January 19th, I completed the Whitefish Whiteout in Montana. I prepped and put a lot of things into place to make that race successful for myself. I re-arranged schedules in order to arrive into Montana at a decent hour to allow for proper rest. I trained and tapered for the race. I put a lot of energy into this one day. For me- this race was a big deal.
Along the way my skis went missing. Imagine my devastation. My world immediately shattered. My partner Mitch, in a positive manner, tried everything he could to resolve the immediate problem. How was I going to race without skis? I had 1.5 hours to solve this problem before the race start time. To my relief, Steve Sellars (a member of the national skimo team) had an extra set of skis, and Brad Schalles (another member) an extra set of skins. Steve, down on his hands and knees in the parking lot, spent his time fidgeting with a stubborn pair of bindings, re-adjusting them to fit my boots. His time would have been better served warming up and taking care of his young daughter. Nonetheless, Steve took that time to ensure I was able to compete.
At the starting line Katie French and Niki Kimball (top female athletes in that neck of the woods), introduced themselves to me and continued to chit chat and laugh with me at the starting line. Again- they could have used that energy to zone in on their game. Instead they let out cries, “We love our Canadians!” as the race was about to begin.

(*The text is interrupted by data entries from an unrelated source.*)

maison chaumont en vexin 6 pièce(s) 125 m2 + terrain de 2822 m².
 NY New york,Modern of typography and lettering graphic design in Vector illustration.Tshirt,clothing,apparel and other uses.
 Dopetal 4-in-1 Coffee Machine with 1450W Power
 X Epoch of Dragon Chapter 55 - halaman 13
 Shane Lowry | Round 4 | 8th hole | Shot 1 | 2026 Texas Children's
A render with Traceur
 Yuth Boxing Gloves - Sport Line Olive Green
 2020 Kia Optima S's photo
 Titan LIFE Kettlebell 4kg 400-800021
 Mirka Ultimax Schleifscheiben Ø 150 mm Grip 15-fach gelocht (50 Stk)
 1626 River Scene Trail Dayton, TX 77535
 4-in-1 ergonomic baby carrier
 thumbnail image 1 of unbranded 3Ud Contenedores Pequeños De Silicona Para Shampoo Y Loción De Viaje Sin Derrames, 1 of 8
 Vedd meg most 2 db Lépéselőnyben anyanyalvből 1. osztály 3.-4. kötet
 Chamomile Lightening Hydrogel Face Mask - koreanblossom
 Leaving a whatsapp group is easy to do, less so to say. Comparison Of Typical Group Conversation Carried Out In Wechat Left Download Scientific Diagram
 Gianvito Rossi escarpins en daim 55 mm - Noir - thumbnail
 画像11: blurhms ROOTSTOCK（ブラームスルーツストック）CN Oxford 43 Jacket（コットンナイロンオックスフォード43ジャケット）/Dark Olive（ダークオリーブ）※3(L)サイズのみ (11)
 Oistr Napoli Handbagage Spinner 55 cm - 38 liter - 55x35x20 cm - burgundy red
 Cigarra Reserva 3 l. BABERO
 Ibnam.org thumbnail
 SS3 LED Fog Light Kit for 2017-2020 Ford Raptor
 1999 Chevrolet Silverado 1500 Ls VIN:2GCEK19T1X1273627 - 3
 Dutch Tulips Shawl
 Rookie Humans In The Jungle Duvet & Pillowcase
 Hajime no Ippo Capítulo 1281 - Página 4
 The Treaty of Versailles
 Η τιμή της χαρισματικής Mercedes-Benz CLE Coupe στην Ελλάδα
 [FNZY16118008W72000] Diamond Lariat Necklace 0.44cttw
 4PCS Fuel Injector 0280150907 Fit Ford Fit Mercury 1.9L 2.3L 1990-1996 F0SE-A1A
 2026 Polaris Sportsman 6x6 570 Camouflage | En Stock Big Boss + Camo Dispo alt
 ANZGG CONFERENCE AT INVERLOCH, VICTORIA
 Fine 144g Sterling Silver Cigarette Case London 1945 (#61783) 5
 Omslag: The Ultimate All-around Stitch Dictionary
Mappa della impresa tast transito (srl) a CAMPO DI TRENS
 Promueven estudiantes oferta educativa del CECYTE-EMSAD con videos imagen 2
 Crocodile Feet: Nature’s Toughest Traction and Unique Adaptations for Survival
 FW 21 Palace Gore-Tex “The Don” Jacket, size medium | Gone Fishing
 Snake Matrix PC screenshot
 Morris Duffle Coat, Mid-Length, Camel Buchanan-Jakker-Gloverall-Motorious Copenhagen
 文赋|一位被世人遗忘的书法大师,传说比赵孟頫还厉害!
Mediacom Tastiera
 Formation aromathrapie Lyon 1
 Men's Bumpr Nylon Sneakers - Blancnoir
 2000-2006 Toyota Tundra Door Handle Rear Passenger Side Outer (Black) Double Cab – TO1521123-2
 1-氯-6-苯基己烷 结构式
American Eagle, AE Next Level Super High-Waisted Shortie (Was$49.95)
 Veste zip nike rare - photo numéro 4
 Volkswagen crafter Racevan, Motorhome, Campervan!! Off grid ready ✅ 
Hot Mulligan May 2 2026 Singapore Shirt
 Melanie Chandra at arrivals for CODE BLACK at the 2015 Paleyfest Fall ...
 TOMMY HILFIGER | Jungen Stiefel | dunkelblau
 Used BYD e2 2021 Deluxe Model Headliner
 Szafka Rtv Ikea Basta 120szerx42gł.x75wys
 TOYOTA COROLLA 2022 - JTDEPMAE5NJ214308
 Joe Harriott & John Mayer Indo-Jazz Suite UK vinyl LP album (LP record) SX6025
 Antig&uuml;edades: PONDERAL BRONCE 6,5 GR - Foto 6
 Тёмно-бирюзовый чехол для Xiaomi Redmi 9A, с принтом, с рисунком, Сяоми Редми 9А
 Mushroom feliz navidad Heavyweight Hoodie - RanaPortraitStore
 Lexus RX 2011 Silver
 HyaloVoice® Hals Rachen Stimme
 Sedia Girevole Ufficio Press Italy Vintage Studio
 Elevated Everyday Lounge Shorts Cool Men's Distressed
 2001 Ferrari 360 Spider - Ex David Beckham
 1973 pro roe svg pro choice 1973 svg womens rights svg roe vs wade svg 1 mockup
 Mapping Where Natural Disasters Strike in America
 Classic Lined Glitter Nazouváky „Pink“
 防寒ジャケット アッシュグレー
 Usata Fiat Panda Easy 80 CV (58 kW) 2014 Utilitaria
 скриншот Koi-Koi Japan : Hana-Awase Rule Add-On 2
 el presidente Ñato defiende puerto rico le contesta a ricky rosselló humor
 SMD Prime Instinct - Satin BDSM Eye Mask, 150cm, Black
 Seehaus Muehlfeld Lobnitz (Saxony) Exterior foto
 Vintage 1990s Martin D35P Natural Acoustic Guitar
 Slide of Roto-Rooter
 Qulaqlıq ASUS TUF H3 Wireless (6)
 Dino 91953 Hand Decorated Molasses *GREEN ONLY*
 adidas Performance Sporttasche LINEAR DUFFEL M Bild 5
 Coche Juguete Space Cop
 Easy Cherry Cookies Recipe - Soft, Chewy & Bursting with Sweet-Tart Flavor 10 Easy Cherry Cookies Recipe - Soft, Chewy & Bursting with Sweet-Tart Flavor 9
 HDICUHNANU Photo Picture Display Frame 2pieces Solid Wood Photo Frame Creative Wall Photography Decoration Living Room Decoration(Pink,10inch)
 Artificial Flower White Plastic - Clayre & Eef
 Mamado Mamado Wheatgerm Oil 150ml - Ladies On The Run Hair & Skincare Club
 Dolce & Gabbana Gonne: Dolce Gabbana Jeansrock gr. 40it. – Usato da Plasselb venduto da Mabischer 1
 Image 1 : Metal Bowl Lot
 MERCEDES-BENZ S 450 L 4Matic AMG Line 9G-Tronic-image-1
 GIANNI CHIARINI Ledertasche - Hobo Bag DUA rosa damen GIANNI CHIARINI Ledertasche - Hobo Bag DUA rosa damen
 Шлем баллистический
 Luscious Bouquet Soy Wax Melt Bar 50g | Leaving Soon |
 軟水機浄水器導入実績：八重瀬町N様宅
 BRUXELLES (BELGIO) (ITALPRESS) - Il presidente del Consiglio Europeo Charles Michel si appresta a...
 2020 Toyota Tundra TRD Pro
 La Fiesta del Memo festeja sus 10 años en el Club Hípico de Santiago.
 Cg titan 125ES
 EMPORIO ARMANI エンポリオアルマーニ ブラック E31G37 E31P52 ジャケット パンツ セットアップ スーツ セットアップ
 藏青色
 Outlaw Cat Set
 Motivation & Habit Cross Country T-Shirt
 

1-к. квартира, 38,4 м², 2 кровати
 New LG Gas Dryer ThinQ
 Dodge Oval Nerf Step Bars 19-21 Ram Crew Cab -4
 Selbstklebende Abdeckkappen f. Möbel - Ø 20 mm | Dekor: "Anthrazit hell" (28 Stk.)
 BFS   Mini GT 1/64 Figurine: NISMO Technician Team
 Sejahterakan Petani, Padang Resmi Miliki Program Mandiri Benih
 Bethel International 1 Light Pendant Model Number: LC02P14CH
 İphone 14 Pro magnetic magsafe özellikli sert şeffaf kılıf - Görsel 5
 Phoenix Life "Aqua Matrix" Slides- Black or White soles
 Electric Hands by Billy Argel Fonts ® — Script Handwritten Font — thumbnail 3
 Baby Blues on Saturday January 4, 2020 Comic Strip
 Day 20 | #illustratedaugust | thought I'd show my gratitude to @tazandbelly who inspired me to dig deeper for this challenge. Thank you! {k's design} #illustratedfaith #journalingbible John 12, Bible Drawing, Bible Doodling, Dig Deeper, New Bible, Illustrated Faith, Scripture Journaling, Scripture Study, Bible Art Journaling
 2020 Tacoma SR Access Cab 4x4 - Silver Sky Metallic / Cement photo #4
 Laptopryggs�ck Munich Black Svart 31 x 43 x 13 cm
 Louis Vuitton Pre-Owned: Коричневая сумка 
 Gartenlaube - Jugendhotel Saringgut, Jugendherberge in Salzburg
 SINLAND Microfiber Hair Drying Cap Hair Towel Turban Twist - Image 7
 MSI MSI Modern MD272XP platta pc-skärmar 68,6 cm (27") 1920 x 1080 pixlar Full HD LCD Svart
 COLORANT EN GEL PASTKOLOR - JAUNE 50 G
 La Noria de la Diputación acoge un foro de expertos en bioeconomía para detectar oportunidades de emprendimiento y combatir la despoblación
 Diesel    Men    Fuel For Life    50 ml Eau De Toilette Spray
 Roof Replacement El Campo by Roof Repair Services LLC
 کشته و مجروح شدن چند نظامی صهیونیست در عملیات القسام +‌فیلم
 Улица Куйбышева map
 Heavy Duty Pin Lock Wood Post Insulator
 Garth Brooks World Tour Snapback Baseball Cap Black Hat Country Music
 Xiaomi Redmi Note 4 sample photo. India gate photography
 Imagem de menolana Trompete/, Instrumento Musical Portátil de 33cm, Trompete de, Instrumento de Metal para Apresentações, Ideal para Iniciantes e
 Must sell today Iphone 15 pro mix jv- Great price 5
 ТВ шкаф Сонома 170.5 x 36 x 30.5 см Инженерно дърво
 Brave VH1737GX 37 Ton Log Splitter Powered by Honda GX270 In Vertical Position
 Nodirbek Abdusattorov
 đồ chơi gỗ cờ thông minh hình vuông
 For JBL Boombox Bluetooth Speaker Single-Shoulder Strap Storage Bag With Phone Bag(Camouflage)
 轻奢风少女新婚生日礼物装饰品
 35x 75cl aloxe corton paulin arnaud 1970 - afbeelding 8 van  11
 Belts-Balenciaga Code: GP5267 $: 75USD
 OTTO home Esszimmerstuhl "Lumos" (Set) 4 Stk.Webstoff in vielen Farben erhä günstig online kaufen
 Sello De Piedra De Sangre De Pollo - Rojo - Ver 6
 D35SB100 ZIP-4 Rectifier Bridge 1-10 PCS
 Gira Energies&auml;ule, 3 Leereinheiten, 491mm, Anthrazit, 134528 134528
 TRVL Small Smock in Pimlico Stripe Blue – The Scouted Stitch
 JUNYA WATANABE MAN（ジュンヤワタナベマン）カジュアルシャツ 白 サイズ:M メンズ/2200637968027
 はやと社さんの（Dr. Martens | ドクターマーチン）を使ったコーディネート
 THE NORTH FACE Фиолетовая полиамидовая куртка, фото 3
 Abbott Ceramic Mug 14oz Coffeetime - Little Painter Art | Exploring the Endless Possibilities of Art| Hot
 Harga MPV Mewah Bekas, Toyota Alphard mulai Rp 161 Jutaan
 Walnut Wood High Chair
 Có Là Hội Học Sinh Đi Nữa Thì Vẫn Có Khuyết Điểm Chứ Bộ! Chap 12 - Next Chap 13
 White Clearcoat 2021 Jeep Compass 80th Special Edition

Words of encouragement passed between myself and Marg (another competitor as we moved along the course. Other competitors would cheer me on as I passed through transitions. Cowbells rang with cries, “UP! UP! UP!” And hugs and high fives were given at the finish line.
Skimo competitions are certainly a grueling sport that requires a lot from an athlete. They can bring a person to a place of great discomfort or pain both physically and mentally. However, the people I have raced with this year have certainly contributed substantially to the rewards and fulfillment that I have experienced this season. They have made every minute of training, or every moment of discomfort during the competition completely worthwhile.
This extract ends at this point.